OPEC: Oil output will not increase

    (Agencies)
    Updated: 2008-02-02 08:04

    VIENNA, Austria - Shrugging off calls to pump more oil, OPEC ministers said Friday that output levels will not be increased out of fear that a softening global economy will translate into weakened demand.

    Any decision by the Organization of Petroleum Exporting Countries to produce more would have acted as a shot in the arm for countries struggling with weak growth, the fallout from the US subprime crisis and negative economic factors.


    President of the OPEC conference and Minister of Energy and Mines Chakib Khelil from Algeria speaks at a news conference after a meeting of ministers of the Organization of Petroleum Exporting Countries, OPEC, at their headquarters in Vienna, on Friday, Feb. 1, 2008. OPEC oil ministers decided to keep output at present levels because of fears that soft world economies will translate into weakened demand. [Agencies] 

    "In view of the current situation, coupled with the projected economic slowdown, the conference decided that current production is sufficient to meet ... demand for the first quarter of the year," an OPEC statement read.

    Friday's special meeting was set in December as prices approached $100 per barrel. The 13-nation group considered increasing output to calm volatile markets.

    With oil prices high but steady, the focus has shifted to the sputtering US economy with its implications for lessened demand. That and a continued weak dollar, which hurts the purchasing power of OPEC members, has swung sentiment behind maintaining the current output.

    OPEC nations argue that market speculation and geopolitical factors have become the key drivers of oil prices. They assert that increasing production beyond the present level of nearly 30 million barrels a day for the 12 members under quotas would be counterproductive because there is enough crude to meet world needs.

    "The world should not be concerned about the lack of oil," OPEC President Chakib Khelil told reporters after the meeting. "We are more concerned about the economic crisis and ... its ramifications and impact in the world economy."

    The White House responded quickly.

    "I think everyone is fully aware that having a reliable and steady and predictable supply of oil is a benefit to the global economy," said White House spokesman Tony Fratto.

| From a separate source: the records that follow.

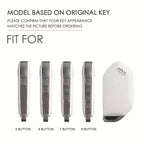 Kia Leder-Autoschlüsselhülle für 5, 6, 7, 8 und 9 Tasten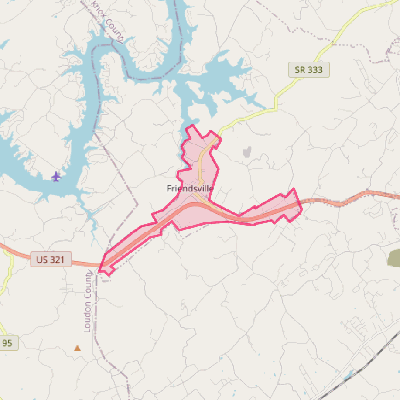 Map of Friendsville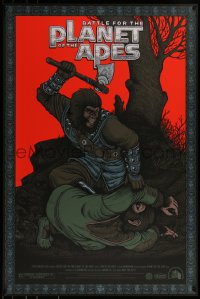 6x0285 BATTLE FOR THE PLANET OF THE APES #17/345 24x36 art print 2011 Mondo, regular edition!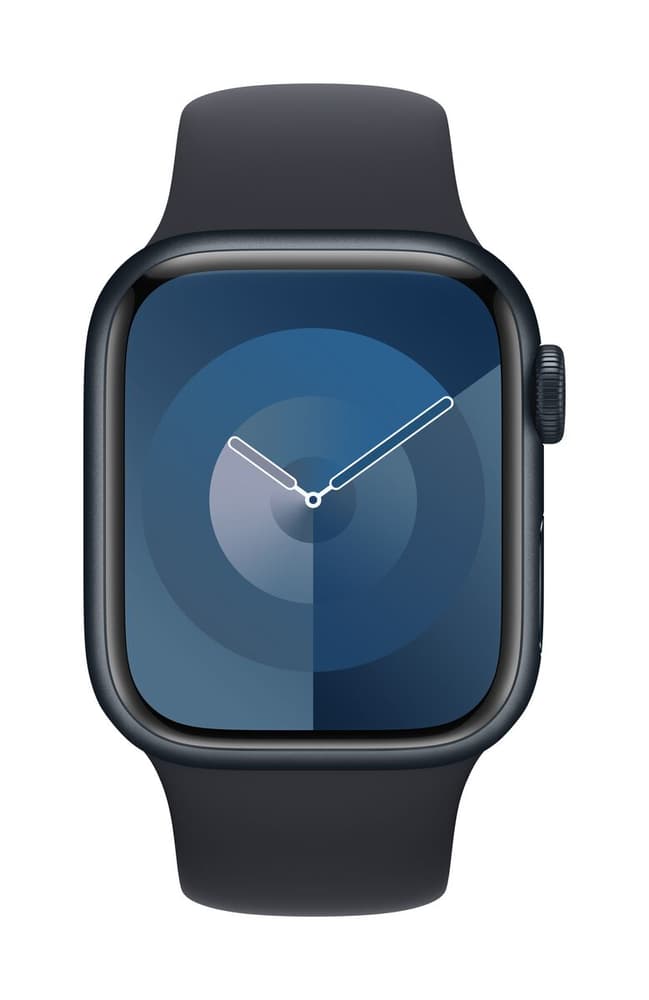 Watch Series 9 GPS + Cellular 45mm Midnight Aluminium Case with Midnight Sport Band - M/L Montre connectée Apple 785302407315 Photo no. 1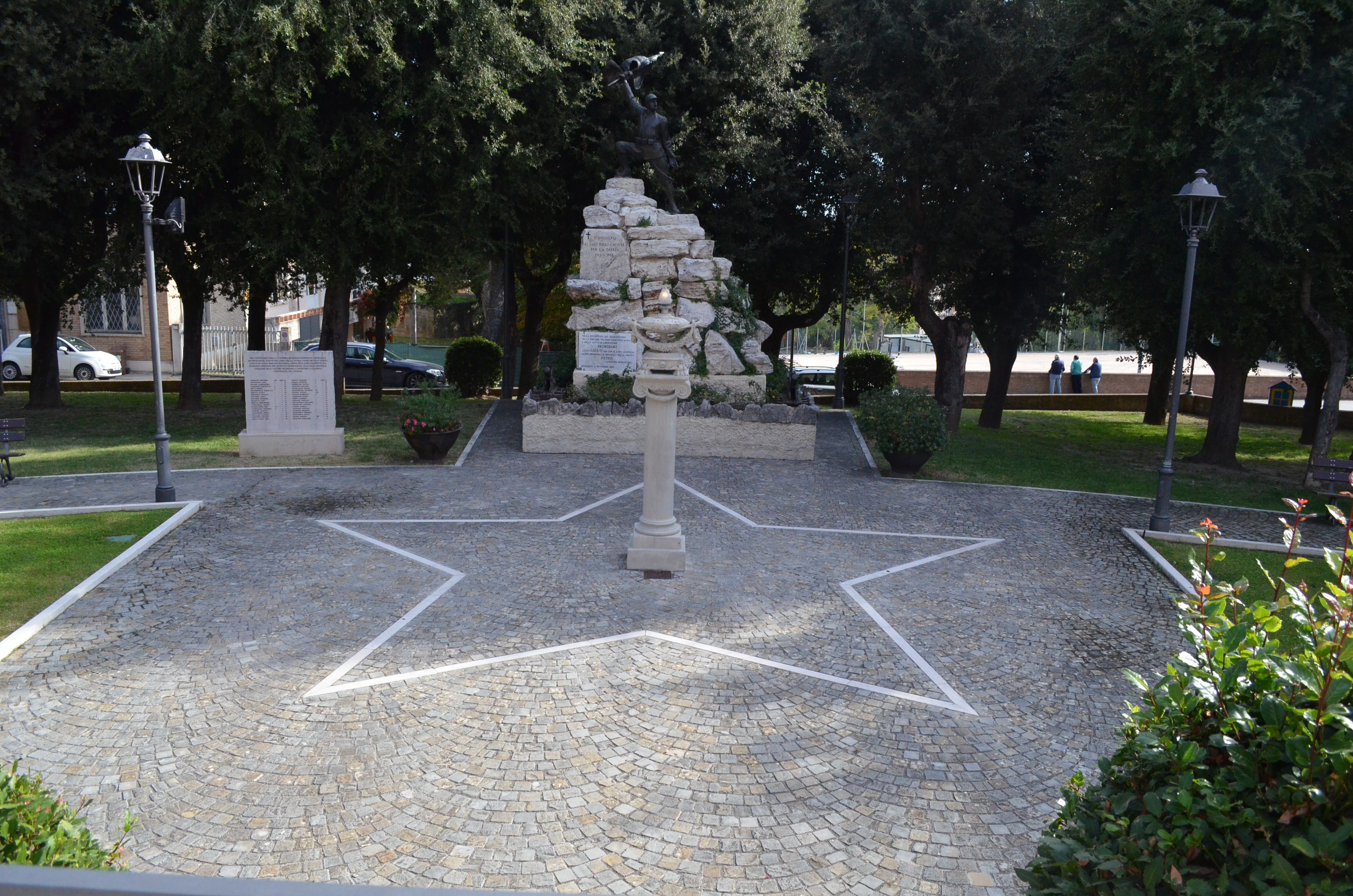 parco, commemorativo/ ai caduti della prima guerra mondiale, Parco della Rimembranza di Mondolfo di Tomagnini Torquato - architettura del Ventennio (XX)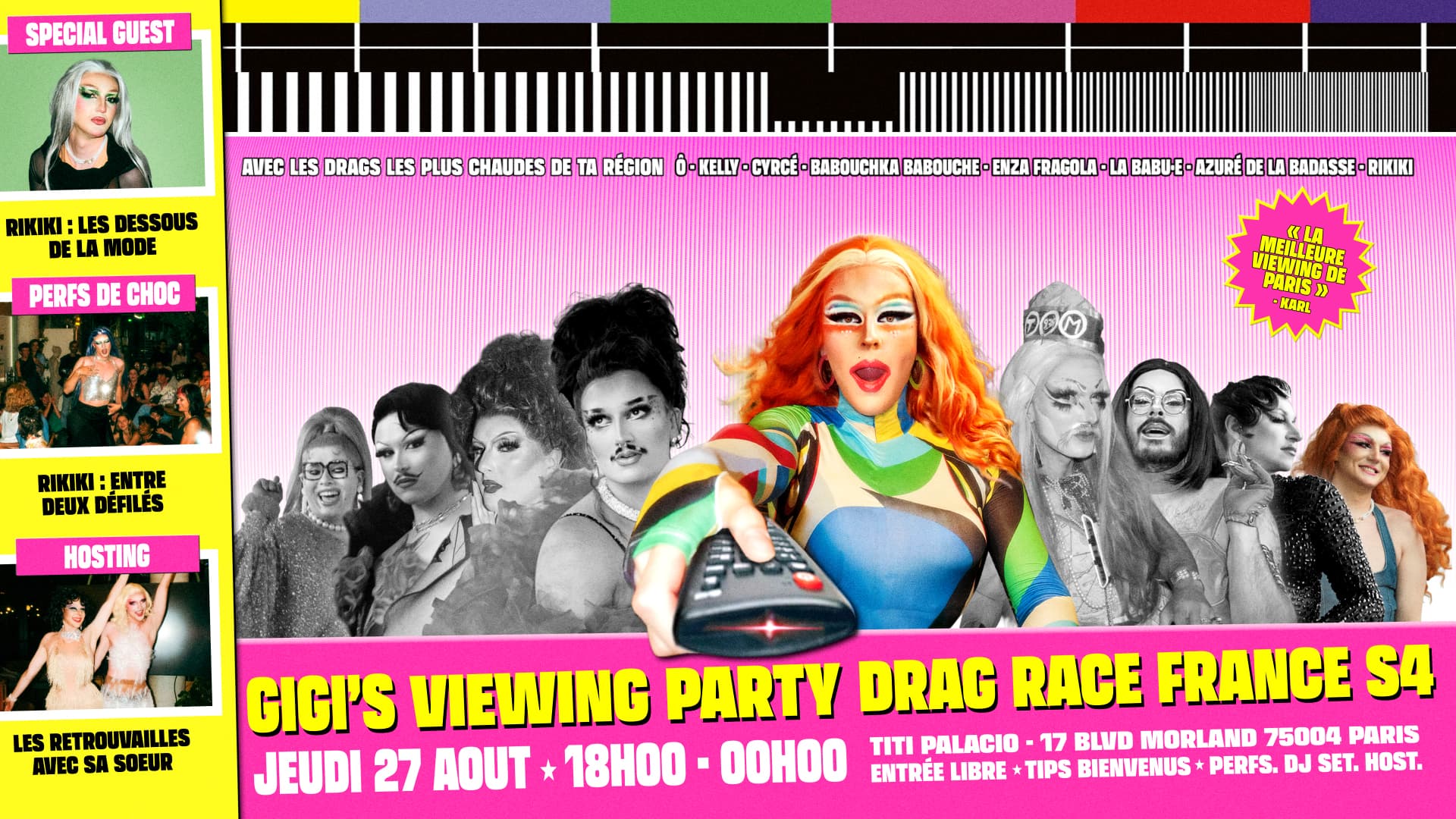GIGI’S VIEWING PARTY - DRAG RACE FRANCE SAISON 4! - EP 08!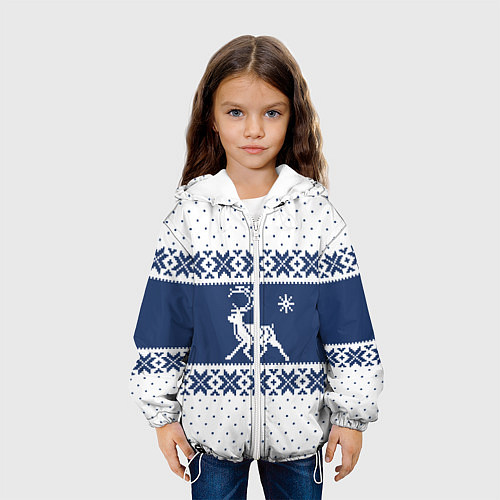 Детская куртка Северный Олень звезда / 3D-Белый – фото 3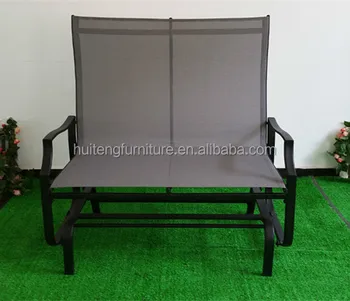 Whole Garden Double Seater Chair Love Seat Sling Glide Whole Garden Double Seater Chair Love Seat Sling Glide Chairpatio Outdoor Furniture Swimming Pool Beach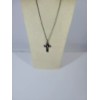 fashion necklace Cross Necklace AB Rhinestone Long Costume Jewelry Goth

    "We hope that they understand that their decisions on oil production have a real impact on the economy," he said.

    When asked later if OPEC has been dismissive of US lobbying for more production, Fratto said, "I think they do listen to us, and I think they do listen to the market also."

    That argument gained some credence following the latest weekly inventory report from the US Energy Department's Energy Information Administration. It said Wednesday that crude and gasoline stocks rose 3.6 million barrels each during the week ended Jan. 25.

    But analyst John Hall of John Hall Associates in London said the organization needed to look past its own immediate concerns of maintaining high oil prices.

    "If OPEC is concerned about the chances of recession it needs to take whatever action it can take to bring the price down," he said. "All OPEC seems to be saying is, 'if there is a recession, demand will fall way down, and we will need to produce less."'

    Oil prices fell, despite the potentially bullish implications of keeping production steady, amid worries of a possible US recession.

    Light, sweet crude for March delivery lost 23 cents to $91.52 a barrel in electronic trading on the New York Mercantile Exchange by the afternoon in Europe.

    Economic concerns were renewed Thursday after the US Commerce Department reported consumer spending rose in December by 0.2 percent, the weakest performance since June.

    Claims for unemployment benefits in the United States jumped by 69,000 last week, the Labor Department said, more than three times what economists expected.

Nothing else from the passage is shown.